[EXERCISE DETAILS]
After finding the line containing "Best DIY Mold" below, please output that line and each following one through the line containing "Friday – Australian", exactly as written.

----- DATA SUPPLIED

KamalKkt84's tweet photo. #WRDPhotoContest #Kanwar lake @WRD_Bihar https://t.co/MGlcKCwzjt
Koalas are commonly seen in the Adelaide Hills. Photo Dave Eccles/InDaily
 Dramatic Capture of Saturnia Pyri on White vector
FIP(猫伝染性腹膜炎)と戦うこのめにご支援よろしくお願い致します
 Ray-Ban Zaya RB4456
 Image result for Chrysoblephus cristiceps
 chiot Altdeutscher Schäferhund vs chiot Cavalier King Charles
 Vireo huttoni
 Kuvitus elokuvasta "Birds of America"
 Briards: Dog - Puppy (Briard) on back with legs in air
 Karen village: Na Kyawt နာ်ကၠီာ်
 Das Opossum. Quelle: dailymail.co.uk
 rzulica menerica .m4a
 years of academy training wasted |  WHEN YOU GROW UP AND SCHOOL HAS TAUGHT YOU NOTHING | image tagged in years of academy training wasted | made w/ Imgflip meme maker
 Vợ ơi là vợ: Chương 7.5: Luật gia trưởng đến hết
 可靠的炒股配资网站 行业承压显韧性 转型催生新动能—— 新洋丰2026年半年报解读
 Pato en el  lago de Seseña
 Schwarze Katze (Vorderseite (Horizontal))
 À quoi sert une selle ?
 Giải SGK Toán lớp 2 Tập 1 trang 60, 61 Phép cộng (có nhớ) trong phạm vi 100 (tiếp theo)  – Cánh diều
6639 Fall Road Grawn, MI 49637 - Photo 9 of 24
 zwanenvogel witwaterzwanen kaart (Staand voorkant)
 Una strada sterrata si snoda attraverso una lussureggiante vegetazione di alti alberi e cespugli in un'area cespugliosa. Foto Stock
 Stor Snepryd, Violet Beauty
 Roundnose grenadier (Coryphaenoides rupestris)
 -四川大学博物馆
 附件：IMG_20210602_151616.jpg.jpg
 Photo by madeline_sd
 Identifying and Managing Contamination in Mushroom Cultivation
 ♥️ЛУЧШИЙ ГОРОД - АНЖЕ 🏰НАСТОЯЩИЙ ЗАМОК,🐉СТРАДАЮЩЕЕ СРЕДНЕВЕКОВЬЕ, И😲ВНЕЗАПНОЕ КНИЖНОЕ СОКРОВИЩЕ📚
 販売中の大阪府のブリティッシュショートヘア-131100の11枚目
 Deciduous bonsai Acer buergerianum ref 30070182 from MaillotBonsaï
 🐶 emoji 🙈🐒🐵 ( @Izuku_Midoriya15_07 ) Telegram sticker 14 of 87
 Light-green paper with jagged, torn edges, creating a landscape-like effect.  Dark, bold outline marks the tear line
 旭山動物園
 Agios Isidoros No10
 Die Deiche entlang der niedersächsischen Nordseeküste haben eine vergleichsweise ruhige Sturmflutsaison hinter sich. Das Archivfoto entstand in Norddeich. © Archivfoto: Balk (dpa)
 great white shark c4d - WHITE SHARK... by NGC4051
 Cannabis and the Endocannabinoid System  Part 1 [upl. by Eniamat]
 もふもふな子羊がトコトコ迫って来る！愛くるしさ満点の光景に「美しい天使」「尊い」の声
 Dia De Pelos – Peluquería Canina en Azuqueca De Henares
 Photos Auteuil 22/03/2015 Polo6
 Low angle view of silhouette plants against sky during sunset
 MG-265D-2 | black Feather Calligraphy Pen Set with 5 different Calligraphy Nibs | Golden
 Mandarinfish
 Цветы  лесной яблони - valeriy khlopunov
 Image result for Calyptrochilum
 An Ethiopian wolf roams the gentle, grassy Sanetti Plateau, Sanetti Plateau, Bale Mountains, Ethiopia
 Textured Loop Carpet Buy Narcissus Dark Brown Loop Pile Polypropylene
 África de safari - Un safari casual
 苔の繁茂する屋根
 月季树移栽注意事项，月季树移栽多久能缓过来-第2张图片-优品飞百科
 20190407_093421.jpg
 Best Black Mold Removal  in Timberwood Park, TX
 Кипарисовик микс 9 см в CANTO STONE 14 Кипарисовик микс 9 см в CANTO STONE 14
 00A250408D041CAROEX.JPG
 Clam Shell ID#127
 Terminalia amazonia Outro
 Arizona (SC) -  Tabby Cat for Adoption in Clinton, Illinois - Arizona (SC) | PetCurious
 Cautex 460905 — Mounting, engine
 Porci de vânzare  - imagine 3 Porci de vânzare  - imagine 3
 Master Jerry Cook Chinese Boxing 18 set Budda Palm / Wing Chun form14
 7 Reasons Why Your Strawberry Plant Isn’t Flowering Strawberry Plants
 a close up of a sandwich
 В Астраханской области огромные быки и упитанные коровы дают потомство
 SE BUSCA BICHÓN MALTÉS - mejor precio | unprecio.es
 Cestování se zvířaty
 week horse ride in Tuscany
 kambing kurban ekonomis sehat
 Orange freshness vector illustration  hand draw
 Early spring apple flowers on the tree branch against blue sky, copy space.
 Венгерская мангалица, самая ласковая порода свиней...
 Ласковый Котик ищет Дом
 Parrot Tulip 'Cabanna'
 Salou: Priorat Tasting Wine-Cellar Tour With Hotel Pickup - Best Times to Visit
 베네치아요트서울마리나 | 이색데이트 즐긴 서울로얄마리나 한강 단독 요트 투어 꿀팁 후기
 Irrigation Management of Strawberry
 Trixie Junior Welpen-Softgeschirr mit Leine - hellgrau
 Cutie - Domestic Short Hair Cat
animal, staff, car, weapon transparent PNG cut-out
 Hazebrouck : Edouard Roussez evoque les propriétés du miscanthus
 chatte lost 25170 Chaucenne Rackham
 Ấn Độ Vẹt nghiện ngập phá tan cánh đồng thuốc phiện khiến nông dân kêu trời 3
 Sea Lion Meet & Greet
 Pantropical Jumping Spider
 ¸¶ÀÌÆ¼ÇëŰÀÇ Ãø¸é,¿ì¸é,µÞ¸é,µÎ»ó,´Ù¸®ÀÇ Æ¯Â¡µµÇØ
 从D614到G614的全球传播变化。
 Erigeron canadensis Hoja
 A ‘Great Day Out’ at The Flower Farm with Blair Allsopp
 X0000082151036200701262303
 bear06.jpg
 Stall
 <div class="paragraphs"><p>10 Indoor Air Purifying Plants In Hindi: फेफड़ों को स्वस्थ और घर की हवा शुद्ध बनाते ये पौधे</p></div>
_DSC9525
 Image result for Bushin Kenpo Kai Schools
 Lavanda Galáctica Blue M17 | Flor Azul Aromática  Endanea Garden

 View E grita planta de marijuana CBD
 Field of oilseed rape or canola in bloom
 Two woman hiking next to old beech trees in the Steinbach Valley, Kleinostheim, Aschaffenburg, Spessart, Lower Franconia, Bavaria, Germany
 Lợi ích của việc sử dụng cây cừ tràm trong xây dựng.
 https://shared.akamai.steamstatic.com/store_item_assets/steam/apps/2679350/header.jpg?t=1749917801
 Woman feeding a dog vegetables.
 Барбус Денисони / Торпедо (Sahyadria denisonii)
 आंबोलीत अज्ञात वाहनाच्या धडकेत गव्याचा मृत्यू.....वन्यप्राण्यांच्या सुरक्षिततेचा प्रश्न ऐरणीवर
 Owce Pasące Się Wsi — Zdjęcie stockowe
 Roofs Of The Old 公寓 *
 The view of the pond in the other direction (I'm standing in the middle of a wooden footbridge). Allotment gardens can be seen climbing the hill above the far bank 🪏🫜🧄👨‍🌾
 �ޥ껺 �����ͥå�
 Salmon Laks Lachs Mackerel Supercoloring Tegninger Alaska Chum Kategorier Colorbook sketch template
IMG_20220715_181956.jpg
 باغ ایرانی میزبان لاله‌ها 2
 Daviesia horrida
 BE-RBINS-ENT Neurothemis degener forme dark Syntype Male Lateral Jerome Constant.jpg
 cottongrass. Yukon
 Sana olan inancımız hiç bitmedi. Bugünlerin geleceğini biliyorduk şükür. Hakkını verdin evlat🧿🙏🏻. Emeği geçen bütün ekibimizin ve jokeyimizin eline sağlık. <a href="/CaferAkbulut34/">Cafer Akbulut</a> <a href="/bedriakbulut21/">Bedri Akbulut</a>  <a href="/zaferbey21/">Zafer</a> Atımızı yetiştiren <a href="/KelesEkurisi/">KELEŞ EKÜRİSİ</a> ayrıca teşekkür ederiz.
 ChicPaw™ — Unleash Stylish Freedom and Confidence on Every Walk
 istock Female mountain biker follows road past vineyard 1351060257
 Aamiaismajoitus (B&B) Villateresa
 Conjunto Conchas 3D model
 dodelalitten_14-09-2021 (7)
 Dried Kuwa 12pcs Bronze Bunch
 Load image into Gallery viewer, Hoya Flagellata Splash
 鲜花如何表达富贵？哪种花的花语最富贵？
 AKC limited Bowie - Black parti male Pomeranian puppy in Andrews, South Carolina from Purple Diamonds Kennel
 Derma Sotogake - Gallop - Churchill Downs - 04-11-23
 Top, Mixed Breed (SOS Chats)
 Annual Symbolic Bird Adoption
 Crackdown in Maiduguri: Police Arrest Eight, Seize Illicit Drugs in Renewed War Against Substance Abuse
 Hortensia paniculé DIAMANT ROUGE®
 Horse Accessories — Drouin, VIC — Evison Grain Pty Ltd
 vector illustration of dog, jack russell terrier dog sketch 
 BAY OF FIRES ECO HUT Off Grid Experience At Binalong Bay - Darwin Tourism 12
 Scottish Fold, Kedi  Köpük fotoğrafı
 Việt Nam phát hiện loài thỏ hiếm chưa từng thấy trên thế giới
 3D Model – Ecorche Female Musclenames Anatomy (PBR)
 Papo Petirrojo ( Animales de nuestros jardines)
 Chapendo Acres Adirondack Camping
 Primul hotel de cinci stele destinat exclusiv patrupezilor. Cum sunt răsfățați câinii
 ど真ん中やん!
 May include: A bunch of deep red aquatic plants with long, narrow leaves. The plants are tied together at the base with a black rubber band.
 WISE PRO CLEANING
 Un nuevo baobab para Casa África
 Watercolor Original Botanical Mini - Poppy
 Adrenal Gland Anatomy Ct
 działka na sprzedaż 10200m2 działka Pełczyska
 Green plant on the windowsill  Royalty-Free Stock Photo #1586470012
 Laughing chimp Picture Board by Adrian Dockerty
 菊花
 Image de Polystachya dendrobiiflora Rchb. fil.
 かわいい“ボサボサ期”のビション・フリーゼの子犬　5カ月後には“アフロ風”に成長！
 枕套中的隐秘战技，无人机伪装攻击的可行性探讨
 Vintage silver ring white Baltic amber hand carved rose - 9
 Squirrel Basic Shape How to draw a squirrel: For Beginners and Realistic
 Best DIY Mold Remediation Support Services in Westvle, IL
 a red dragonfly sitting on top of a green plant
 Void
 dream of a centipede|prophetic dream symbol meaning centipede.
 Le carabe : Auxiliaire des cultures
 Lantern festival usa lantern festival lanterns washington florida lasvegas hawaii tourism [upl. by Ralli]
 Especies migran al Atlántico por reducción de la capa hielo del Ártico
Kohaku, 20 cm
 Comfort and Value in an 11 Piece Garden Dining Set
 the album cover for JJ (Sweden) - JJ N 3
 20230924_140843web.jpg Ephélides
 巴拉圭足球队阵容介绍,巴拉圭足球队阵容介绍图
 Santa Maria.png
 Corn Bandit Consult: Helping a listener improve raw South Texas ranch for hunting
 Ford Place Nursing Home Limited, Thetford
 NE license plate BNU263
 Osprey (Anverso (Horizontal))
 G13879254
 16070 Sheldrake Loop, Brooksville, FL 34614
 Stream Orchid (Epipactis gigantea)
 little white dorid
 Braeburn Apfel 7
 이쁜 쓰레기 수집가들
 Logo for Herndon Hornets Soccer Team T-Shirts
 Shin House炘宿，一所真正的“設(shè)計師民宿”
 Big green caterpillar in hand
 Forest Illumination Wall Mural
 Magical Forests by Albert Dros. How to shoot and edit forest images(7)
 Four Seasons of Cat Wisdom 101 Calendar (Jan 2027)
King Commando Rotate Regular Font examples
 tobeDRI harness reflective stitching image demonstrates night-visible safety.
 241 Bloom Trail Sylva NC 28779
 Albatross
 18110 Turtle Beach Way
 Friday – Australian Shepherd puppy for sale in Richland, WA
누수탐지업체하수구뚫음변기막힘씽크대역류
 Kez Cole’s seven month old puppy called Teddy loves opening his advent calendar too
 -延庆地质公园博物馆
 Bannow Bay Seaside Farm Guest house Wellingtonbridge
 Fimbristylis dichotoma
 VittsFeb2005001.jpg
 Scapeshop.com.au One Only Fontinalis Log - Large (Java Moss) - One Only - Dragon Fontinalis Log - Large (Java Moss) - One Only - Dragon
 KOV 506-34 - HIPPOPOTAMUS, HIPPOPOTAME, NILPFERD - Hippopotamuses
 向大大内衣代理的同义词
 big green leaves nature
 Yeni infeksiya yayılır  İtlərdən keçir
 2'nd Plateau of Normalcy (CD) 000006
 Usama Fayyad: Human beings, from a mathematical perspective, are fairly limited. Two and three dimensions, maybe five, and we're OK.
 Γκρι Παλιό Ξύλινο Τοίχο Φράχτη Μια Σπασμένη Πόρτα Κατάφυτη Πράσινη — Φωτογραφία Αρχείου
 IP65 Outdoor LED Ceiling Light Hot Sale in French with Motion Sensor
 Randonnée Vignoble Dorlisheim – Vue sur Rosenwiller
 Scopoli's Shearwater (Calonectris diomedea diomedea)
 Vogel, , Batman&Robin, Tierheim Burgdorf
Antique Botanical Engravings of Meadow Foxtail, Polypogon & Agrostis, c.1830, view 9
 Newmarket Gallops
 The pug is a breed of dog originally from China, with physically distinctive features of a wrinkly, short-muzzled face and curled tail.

----------

[SOLUTION]
 Best DIY Mold Remediation Support Services in Westvle, IL
 a red dragonfly sitting on top of a green plant
 Void
 dream of a centipede|prophetic dream symbol meaning centipede.
 Le carabe : Auxiliaire des cultures
 Lantern festival usa lantern festival lanterns washington florida lasvegas hawaii tourism [upl. by Ralli]
 Especies migran al Atlántico por reducción de la capa hielo del Ártico
Kohaku, 20 cm
 Comfort and Value in an 11 Piece Garden Dining Set
 the album cover for JJ (Sweden) - JJ N 3
 20230924_140843web.jpg Ephélides
 巴拉圭足球队阵容介绍,巴拉圭足球队阵容介绍图
 Santa Maria.png
 Corn Bandit Consult: Helping a listener improve raw South Texas ranch for hunting
 Ford Place Nursing Home Limited, Thetford
 NE license plate BNU263
 Osprey (Anverso (Horizontal))
 G13879254
 16070 Sheldrake Loop, Brooksville, FL 34614
 Stream Orchid (Epipactis gigantea)
 little white dorid
 Braeburn Apfel 7
 이쁜 쓰레기 수집가들
 Logo for Herndon Hornets Soccer Team T-Shirts
 Shin House炘宿，一所真正的“設(shè)計師民宿”
 Big green caterpillar in hand
 Forest Illumination Wall Mural
 Magical Forests by Albert Dros. How to shoot and edit forest images(7)
 Four Seasons of Cat Wisdom 101 Calendar (Jan 2027)
King Commando Rotate Regular Font examples
 tobeDRI harness reflective stitching image demonstrates night-visible safety.
 241 Bloom Trail Sylva NC 28779
 Albatross
 18110 Turtle Beach Way
 Friday – Australian Shepherd puppy for sale in Richland, WA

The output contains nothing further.